Define the function preorder, which takes in a tree as an argument and returns a list of all the entries in the tree in the order that print_tree would print them.

The following diagram shows the order that the nodes would get printed, with the arrows representing function calls.

先序遍历是遍历树的一个基本方法. 我们要先记住根结点的值再去访问它的子树上的结点.

python

def preorder(t):
    """Return a list of the entries in this tree in the order that they
    would be visited by a preorder traversal (see problem description).

    >>> numbers = tree(1, [tree(2), tree(3, [tree(4), tree(5)]), tree(6, [tree(7)])])
    >>> preorder(numbers)
    [1, 2, 3, 4, 5, 6, 7]
    >>> preorder(tree(2, [tree(4, [tree(6)])]))
    [2, 4, 6]
    """
    result = []
    def helper(t):
        if t is not None:
            result.append(label(t))
            for b in branches(t):
                helper(b)
    helper(t)
    return result

Acknowledgements.
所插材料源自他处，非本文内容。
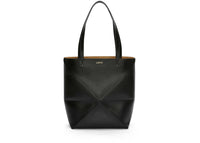 LOEWE Medium Puzzle Fold Tote in Shiny Calfskin Black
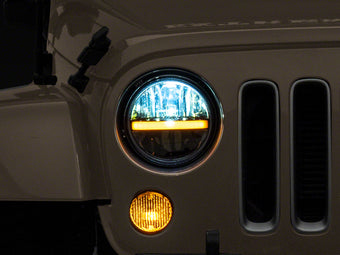 compare product Raxiom 97-18 Jeep Wrangler TJ & JK Axial 7-In LED Headlights w/ DRL - Black Housing (Clear Lens)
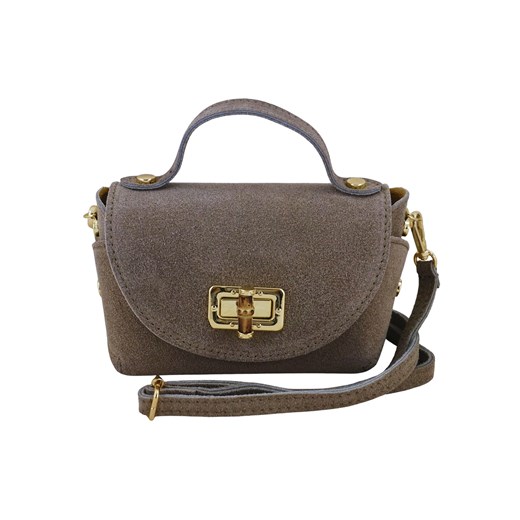 Mała torebka zamszowa wizytowa - Beżowa ciemna ze sklepu butyolivier w kategorii Listonoszki - zdjęcie 187504110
This interval arithmetic example is based on a classic problem from Structure and Interpretation of Computer Programs, Section 2.1.4.
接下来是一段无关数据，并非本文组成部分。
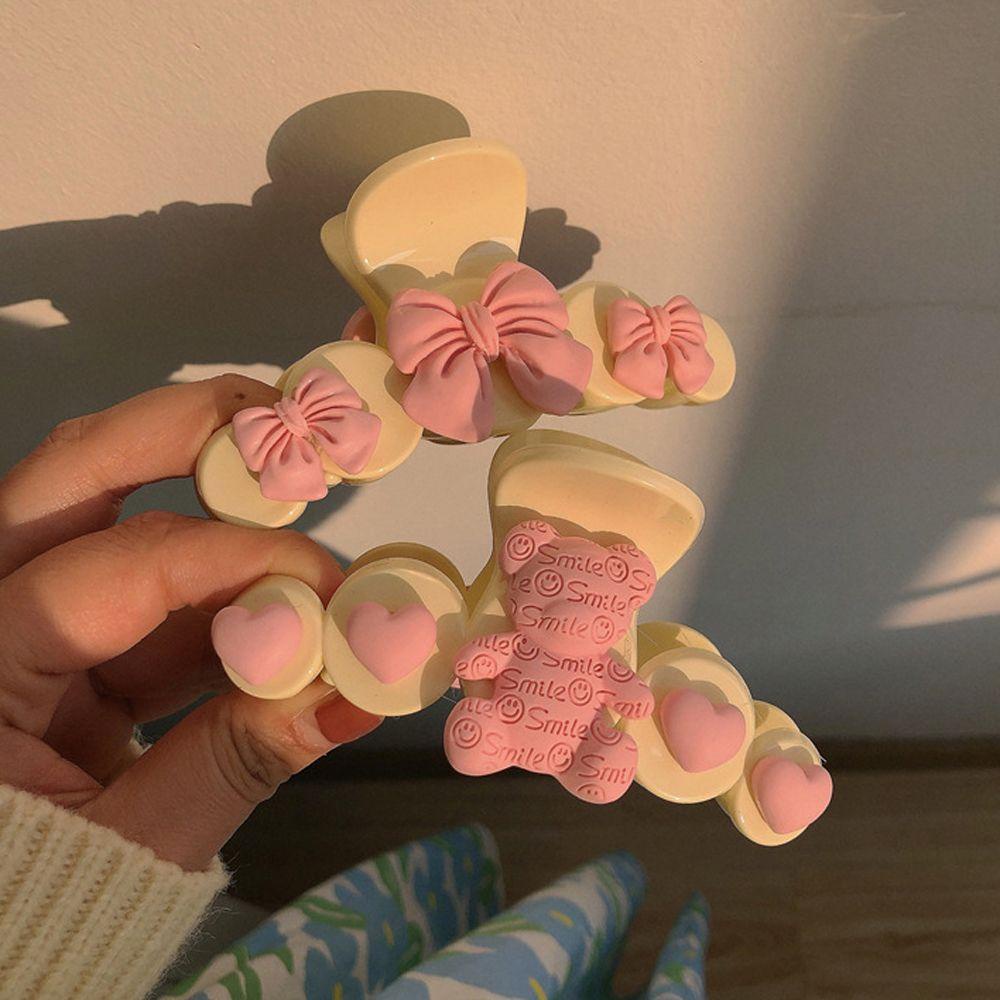 Kẹp Tóc Càng Cua / Trái Tim / Gấu Kiểu Vintage Pháp Ngọt Ngào Cho Nữ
Introduction. Alyssa P. Hacker is designing a system to help people solve engineering problems. One feature she wants to provide in her system is the ability to manipulate inexact quantities (such as measurements from physical devices) with known precision, so that when computations are done with such approximate quantities the results will be numbers of known precision. For example, if a measured quantity x lies between two numbers a and b, Alyssa would like her system to use this range in computations involving x.
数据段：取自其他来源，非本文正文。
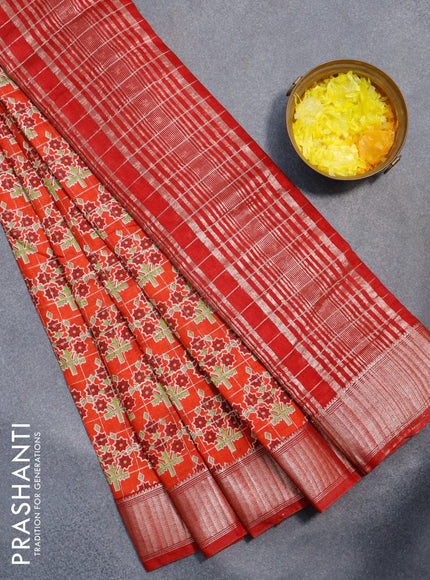 Semi gadwal saree orange and red with zari checks & butta prints and zari woven border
Alyssa’s idea is to implement interval arithmetic as a set of arithmetic operations for combining “intervals” (objects that represent the range of possible values of an inexact quantity). The result of adding, subracting, multiplying, or dividing two intervals is also an interval, one that represents the range of the result.

Alyssa suggests the existence of an abstraction called an “interval” that has two endpoints: a lower bound and an upper bound. She also presumes that, given the endpoints of an interval, she can create the interval using data abstraction. Using this constructor and the appropriate selectors, she defines the following operations:

Alyssa’s program is incomplete because she has not specified the implementation of the interval abstraction. She has implemented the constructor for you; fill in the implementation of the selectors.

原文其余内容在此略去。